She dipped her soup spoon into the creamy lobster bisque, tilted away from her, and raised it to her lips to gently blow across it. A drop swung off the bottom of the spoon to land just at the edge of her bowl. Almost giving herself a raspberry at her carelessness, she set the spoon down on the bowl and, taking up her napkin, laid it across her lap carefully. "It's become painfully clear now that my fear in making that admission to Nyra is adversely affecting her health, and I had honestly made plans the other day to tell her just that, very soon. Before the end of the week, actually."
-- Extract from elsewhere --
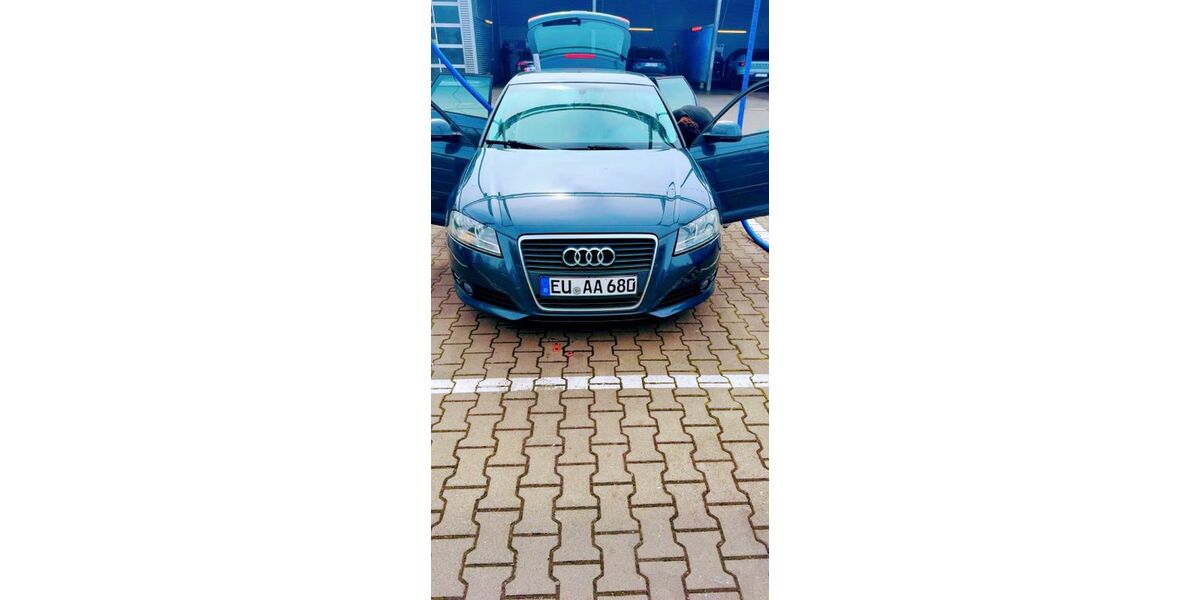 Audi A3 205.000 km 2.700 &euro; Euskirchen 53879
She picked up the spoon again, which finally made its way to her mouth. She sipped daintily of the liquid. It was definately hot, that much was obvious. But it was salty, and had a bit of a bite to it. It wasn't fishy at all, rather, the lobster taste was very subtle. She couldn't figure out what the spice was on the surface, but she ignored it for the moment. Swallowing, she set the spoon down on the edge of the saucer again. She pondered for a moment, then decided she enjoyed it.
"I appreciate your ..." She paused a moment when she realized what Meegan had said. "You are much to valuable to me..." Connie felt a flush rising on her chest and cheeks, and she was speechless for a moment. "I appreciate your concern, and am truly flattered. But I have taken steps to prevent accidental exposure, and I can even stand such risk for just a minute or two, if necessity warrants. If I were to get a job that paid as well as my current one, but it was day shift, I'd switch in an instant, if only to help Nyra. If I were to take the job you've offered me, accounting or modelling or even filling in for Rachyl while she's on maternity leave - even if my request was made three-quarters in jest, it would help Nyra. My quality of life wouldn't be affected too much. I'd miss the night a little - have you seen some of the moonrises outside of the city? Beautiful! I have some wonderful photos of them if you'd like to see - but again, my final choice would be to help Nyra." She sighed. "Of course, that's assuming she still wants me after... you know."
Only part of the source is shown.